Cronaca

Rifiuti Casoni: politica teatina unita, il documento della Commissione Ambiente

La Commissione Ambiente ha redatto un documento in cui si evidenziano le ragioni del No definitivo, che verrà presentato in Commissione Regionale lunedì prossimo. Tre i punti fondamentali

Nessuna rassicurazione in merito al futuro conferimento di rifiuti dalla provincia di Pescara nella discarica di contrada Casoni.

La Commissione Ambiente riunitasi stamani (2 marzo) in Comune a Chieti continua piuttosto a evidenziare un rinvio decisionale da parte della Regione, nonostante la ribadita contrarietà dell’amministrazione comunale.

"Facendo passare del tempo sembra si voglia spingere affinchè la discarica teatina 'appaia' l’unica possibile soluzione, mentre siamo convinti che non sia così" commenta Alessandro Marzoli, vicepresidente in Consiglio Comunale.

I rappresentanti dei gruppi consiliari di Pdl, Pd, Udc, Giustizia Sociale e Chieti per Chieti, hanno stilato un documento unitario esprimendo la contrarietà della Commissione a qualsiasi nuovo conferimento di rifiuti in contrada Casoni, mettendo a verbale tre punti tecnici fondamentali che saranno portati dall’assessore Bevilacqua all’attenzione della Commissione Regionale, nella seduta di lunedì 5 marzo 2011.

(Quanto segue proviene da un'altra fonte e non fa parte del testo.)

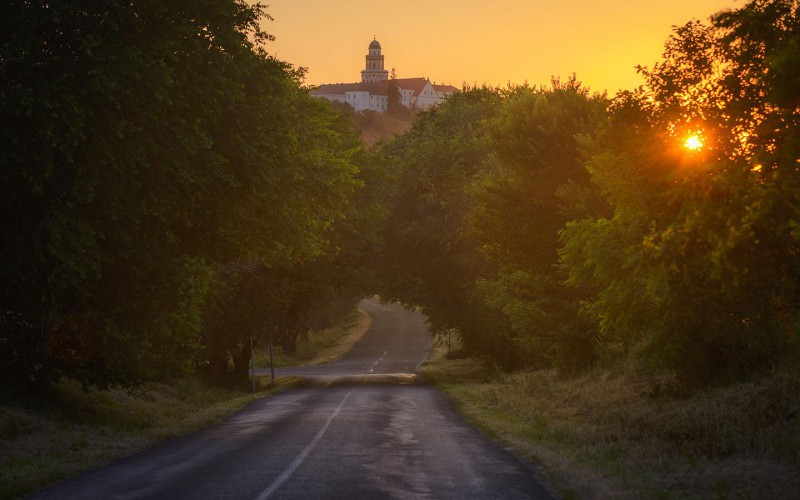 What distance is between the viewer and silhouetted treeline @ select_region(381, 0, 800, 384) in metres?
11.7

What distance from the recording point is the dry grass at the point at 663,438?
12188 millimetres

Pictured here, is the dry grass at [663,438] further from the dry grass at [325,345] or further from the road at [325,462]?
the dry grass at [325,345]

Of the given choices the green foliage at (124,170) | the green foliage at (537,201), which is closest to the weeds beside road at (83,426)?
the green foliage at (124,170)

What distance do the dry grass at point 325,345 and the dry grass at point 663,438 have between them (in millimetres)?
47722

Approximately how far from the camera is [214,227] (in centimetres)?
2350

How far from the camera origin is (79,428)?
2084cm

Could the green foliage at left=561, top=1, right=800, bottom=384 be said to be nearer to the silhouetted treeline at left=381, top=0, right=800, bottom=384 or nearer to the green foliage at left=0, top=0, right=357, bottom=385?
the silhouetted treeline at left=381, top=0, right=800, bottom=384

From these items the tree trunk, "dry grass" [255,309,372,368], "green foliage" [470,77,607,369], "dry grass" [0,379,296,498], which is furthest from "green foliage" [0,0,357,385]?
"dry grass" [255,309,372,368]

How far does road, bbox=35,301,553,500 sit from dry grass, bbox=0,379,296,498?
55cm

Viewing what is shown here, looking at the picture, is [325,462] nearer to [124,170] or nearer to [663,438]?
[663,438]

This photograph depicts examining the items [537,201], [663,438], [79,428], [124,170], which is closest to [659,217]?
[663,438]

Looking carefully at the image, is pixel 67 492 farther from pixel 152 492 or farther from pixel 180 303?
pixel 180 303

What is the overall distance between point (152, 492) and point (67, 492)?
1.38 m

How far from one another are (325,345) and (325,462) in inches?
3181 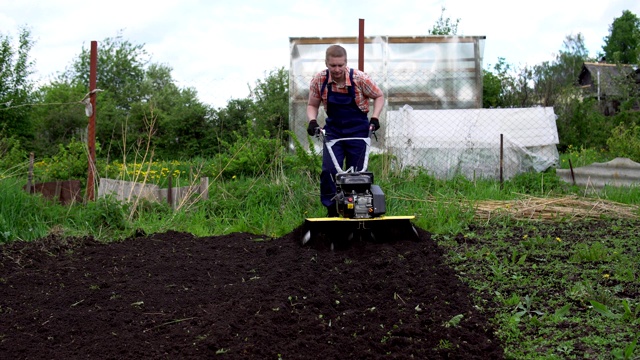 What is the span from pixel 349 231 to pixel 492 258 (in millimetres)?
1198

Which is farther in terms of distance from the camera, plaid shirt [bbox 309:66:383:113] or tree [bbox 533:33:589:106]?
tree [bbox 533:33:589:106]

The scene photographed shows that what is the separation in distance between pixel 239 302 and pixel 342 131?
2542mm

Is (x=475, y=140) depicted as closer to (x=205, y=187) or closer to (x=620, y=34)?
(x=205, y=187)

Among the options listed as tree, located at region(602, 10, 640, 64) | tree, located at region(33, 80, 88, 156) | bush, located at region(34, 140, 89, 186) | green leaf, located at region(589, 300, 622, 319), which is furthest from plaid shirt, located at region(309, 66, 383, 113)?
tree, located at region(602, 10, 640, 64)

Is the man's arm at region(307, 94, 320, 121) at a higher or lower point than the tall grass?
higher

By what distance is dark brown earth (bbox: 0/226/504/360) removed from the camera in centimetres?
354

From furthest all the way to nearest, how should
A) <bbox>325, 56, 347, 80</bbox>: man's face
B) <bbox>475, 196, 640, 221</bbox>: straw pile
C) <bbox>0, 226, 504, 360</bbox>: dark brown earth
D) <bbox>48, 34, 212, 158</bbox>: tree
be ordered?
<bbox>48, 34, 212, 158</bbox>: tree < <bbox>475, 196, 640, 221</bbox>: straw pile < <bbox>325, 56, 347, 80</bbox>: man's face < <bbox>0, 226, 504, 360</bbox>: dark brown earth

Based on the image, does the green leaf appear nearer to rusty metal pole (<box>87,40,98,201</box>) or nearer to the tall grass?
the tall grass

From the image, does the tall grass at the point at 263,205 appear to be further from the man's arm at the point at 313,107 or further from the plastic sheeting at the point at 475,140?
the man's arm at the point at 313,107

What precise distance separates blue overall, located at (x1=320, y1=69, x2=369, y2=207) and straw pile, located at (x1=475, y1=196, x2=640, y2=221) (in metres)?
1.44

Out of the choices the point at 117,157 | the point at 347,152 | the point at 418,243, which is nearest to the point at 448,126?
the point at 347,152

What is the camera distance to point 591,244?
5617 millimetres

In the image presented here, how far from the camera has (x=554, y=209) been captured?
7.11 m

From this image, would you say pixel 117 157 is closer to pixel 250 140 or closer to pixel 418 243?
pixel 250 140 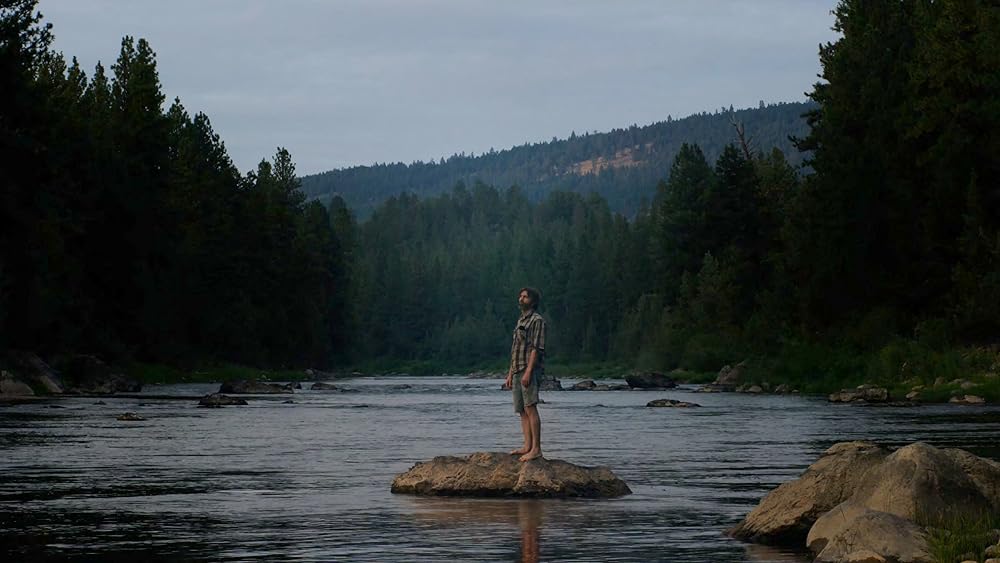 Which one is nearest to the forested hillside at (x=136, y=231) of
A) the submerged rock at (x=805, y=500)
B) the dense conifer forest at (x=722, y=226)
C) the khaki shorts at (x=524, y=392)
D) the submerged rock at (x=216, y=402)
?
the dense conifer forest at (x=722, y=226)

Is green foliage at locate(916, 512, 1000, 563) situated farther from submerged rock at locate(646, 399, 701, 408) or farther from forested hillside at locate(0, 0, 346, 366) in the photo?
forested hillside at locate(0, 0, 346, 366)

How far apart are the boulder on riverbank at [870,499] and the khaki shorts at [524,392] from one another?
501cm

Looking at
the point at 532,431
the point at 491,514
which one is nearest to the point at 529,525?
the point at 491,514

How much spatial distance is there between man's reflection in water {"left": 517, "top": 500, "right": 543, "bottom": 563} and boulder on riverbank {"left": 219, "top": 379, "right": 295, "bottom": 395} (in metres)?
59.3

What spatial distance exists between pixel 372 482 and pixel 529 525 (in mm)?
6178

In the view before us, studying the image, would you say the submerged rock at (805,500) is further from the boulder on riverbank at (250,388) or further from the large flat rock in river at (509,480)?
the boulder on riverbank at (250,388)

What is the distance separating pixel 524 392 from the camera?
66.6 feet

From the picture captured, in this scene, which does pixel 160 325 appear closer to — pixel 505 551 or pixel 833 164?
pixel 833 164

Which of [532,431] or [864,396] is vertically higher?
[532,431]

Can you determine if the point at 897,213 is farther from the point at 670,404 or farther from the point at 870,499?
the point at 870,499

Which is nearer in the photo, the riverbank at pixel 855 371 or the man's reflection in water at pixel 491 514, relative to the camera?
the man's reflection in water at pixel 491 514

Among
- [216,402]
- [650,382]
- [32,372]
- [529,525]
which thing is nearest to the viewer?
[529,525]

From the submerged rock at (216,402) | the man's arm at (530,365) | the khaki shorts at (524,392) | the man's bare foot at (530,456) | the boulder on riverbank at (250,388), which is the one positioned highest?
the man's arm at (530,365)

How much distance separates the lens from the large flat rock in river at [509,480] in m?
19.4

Questi i tre punti essenziali su cui si chiede al sindaco Di Primio di insistere con il presidente Chiodi per chiudere la questione con un no definitivo. Li riportiamo integralmente:

1.Attraverso il nuovo conferimento di rifiuti dal pescarese la durata di vita residua della discarica Casoni scenderebbe a due anni e mezzo. Come conseguenza il problema del conferimento del rifiuto trattato tornerebbe ad esplodere a breve non solo per i rifiuti pescaresi, ma anche per quelli teatini, e lo sforzo fatto per aumentare la raccolta differenziata dai nostri concittadini verrebbe così vanificato, con un inevitabile aumento della Tarsu. Conseguenza ulteriore e gravissima potrebbe a quel punto essere l’ ampliamento della stessa discarica di Casoni. Un’ eventualità da escludere a priori.

2.Il rifiuto proveniente dalla provincia di Pescara, una volta trattato, acquisisce un codice CER, Catalogo Europeo dei Rifiuti, nello specifico il numero 19. Si tratta cioè di un rifiuto che deve essere smaltito dal privato che lo ha trattato. Un’ eventuale ordinanza regionale che imponga il conferimento di tale tipologia di rifiuto nella discarica di Chieti potrebbe pertanto essere illegittima, andando ad incidere su un rapporto di natura privatistica.

3.Dal momento che c’è ad oggi la possibilità di raccogliere i rifiuti su tutto il territorio dei Comuni del pescarese, il paventato rischio di emergenza sanitaria non esiste. La situazione abruzzese non è dunque in alcun modo comparabile a quella verificatasi in passato nel napoletano. L’ emergenza di cui si parla oggi, dunque, è solamente economica.


"Chiediamo pertanto - aggiunge Marzoli - che nella prossima riunione che si terrà in regione, sulla base di queste motivazioni, si escluda definitivamente la possibilità di conferimento di nuovi rifiuti a Casoni e si valutino solo le altre alternative fino ad oggi analizzate".